O estudo, obtido pelo Broadcast, sistema de notícias em tempo real do Grupo Estado, projeta um crescimento de até 4% no mercado de GLP até março de 2026. A estimativa considera que o programa esteja em pleno funcionamento até essa data, o que representaria um aumento significativo em relação aos atuais 395 milhões de botijões vendidos anualmente.
Espera-se que a comercialização aumente entre nove e 17 milhões de botijões por ano com o programa. É importante ressaltar que cada botijão tem um giro de aproximadamente três vezes ao ano, o que significa que a necessidade adicional de novos recipientes ficaria entre três e seis milhões, segundo a consultoria.
Os cálculos da Kearney levam em conta que o programa subsidiará a compra de gás de cozinha para mais de 15 milhões de famílias inscritas no Cadastro Único (CadÚnico), beneficiando cerca de 50 milhões de brasileiros. Este público, somado à demanda já existente, deverá consumir um total de 65 milhões de botijões.

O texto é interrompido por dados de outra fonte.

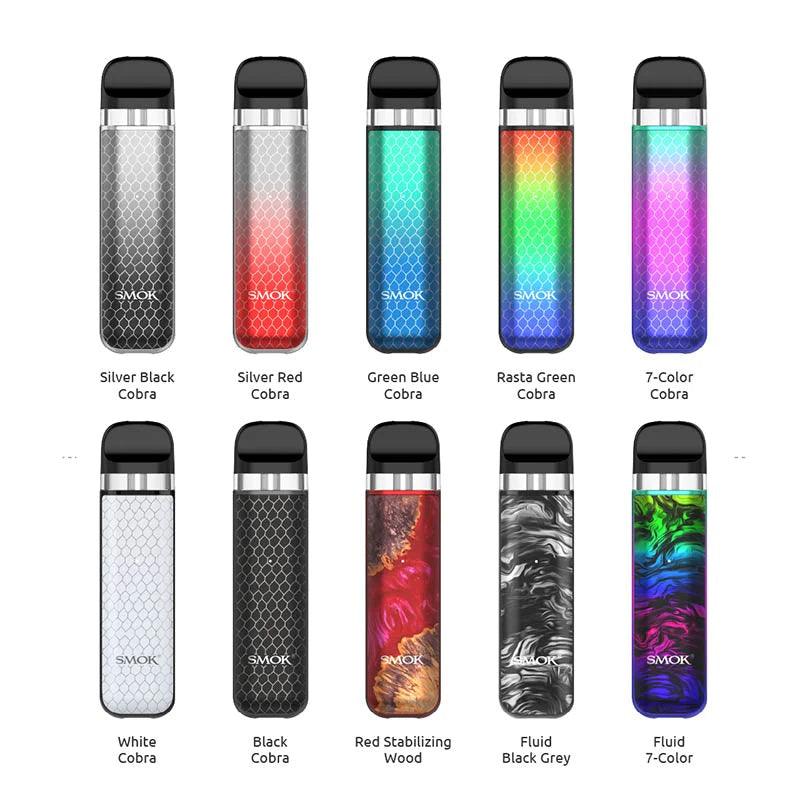 SMOK NOVO 2X Pod Kit - Vapor Shoppe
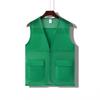 Customized Mesh Activity Vest with Logo Printing
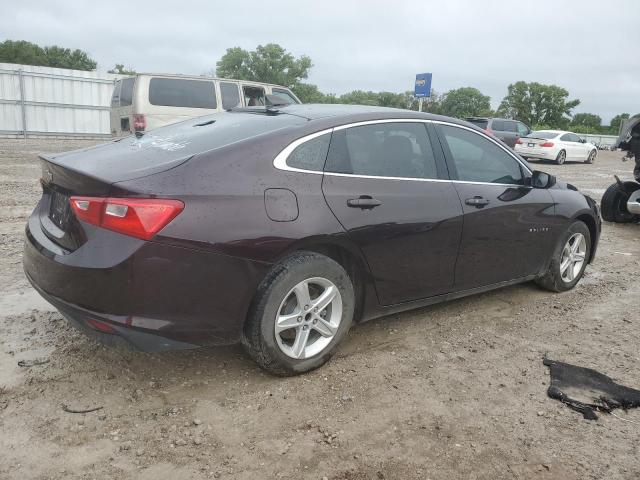 1G1ZB5ST0LF024492 - 2020 CHEVROLET MALIBU LS 棕色 照片 3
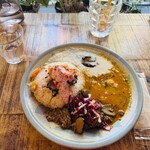 キッチン アンド カリー - 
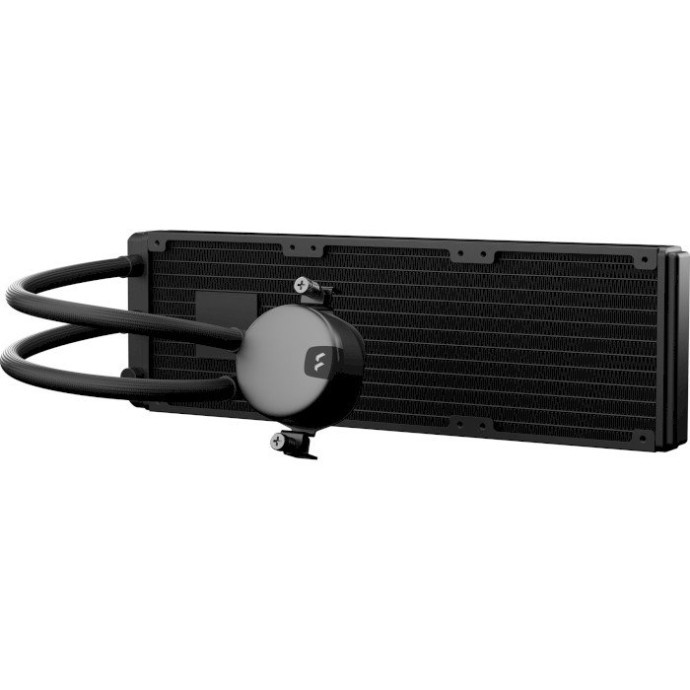 Водяне охолодження Fractal Design Lumen S36 RGB v2 (FD-W-L1-S3612)  Фото №2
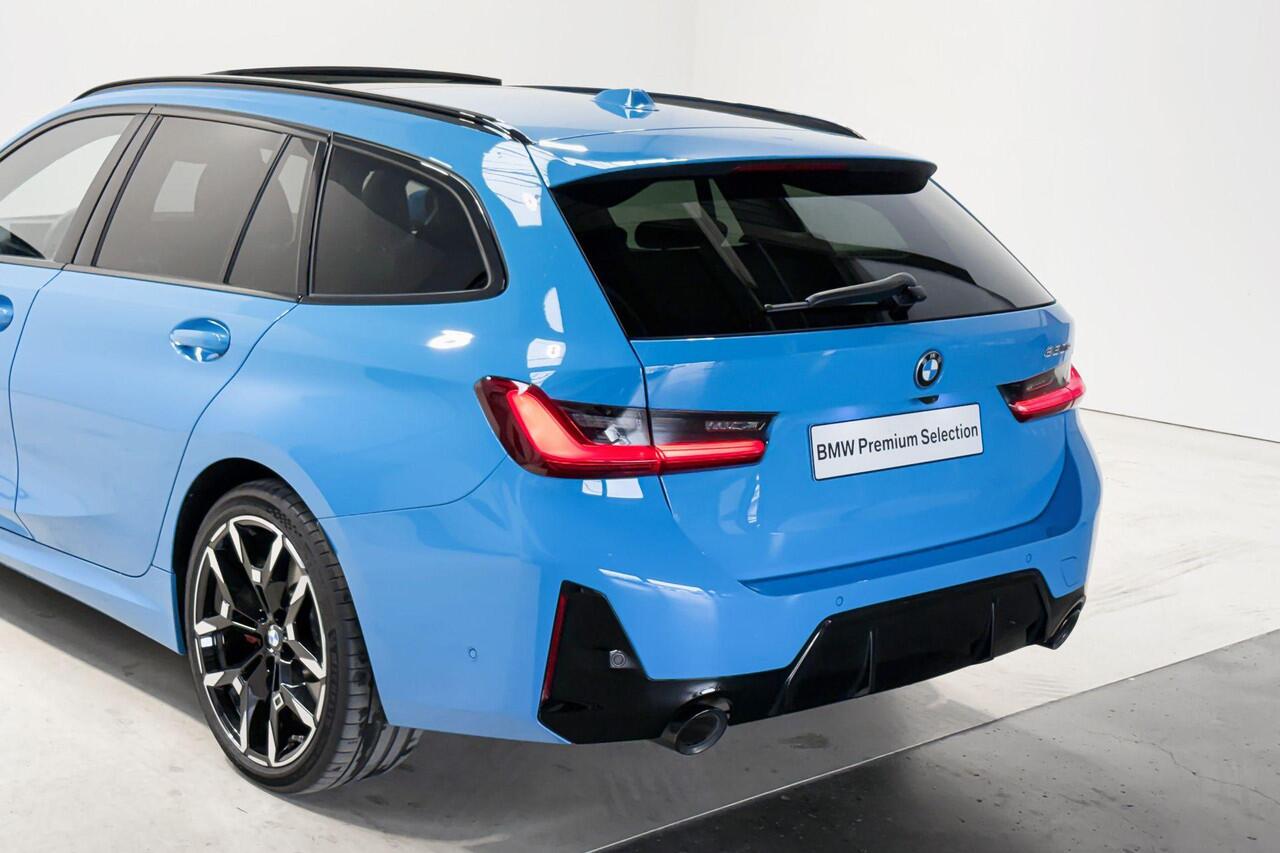 BMW 3-SERIE Touring 330e Innovation Pack M Sportpakket Pro Aut.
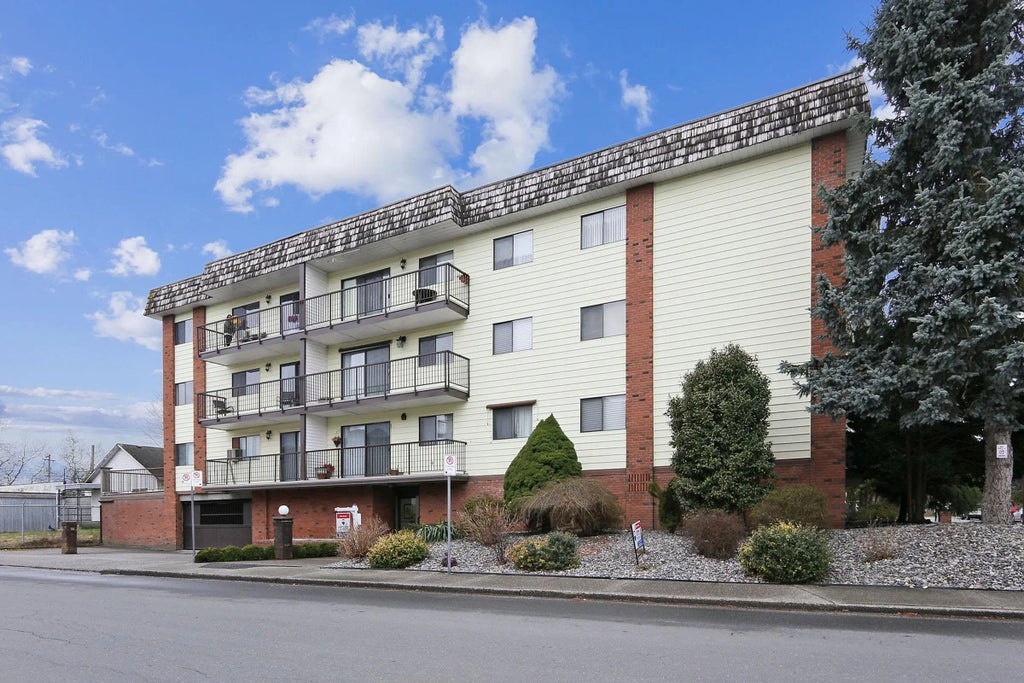 9417 Nowell Street 201, Chilliwack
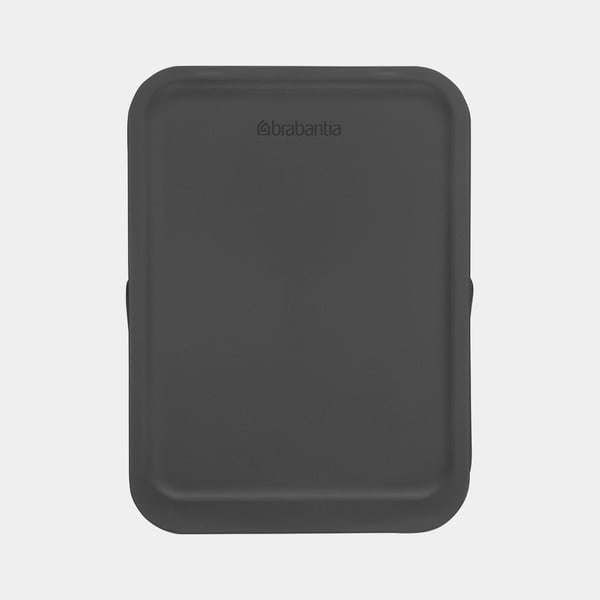 Brabantia SORT & GO RECYCLE BIN 40 L Suorakulmainen Harmaa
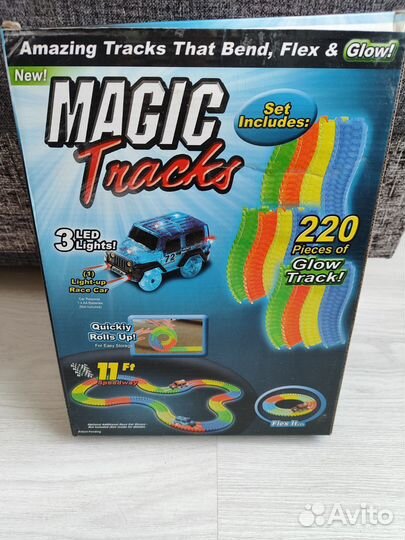 Детская игра трасса трэк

De acordo com André Volker, sócio da Kearney responsável pelo estudo, o mercado e o governo têm discutido essa questão há um ano, mesmo durante a formulação do novo programa, dada a complexidade do crescimento esperado. “Tem empresas que já estão fazendo cotações para importação de botijões da Turquia, da China, e também se preparando para aumentar a produção aqui dentro de casa, no Brasil”, revelou Volker.
Apesar do desafio representado pelo curto prazo, Volker acredita que o sucesso da iniciativa é do interesse tanto do setor, para atender ao aumento da demanda, quanto do governo, que busca consolidar o programa. Ele estima ainda que, após essa expansão inicial, o mercado deverá se estabilizar nesse novo formato, caso não haja mudanças significativas no número de famílias habilitadas no CadÚnico.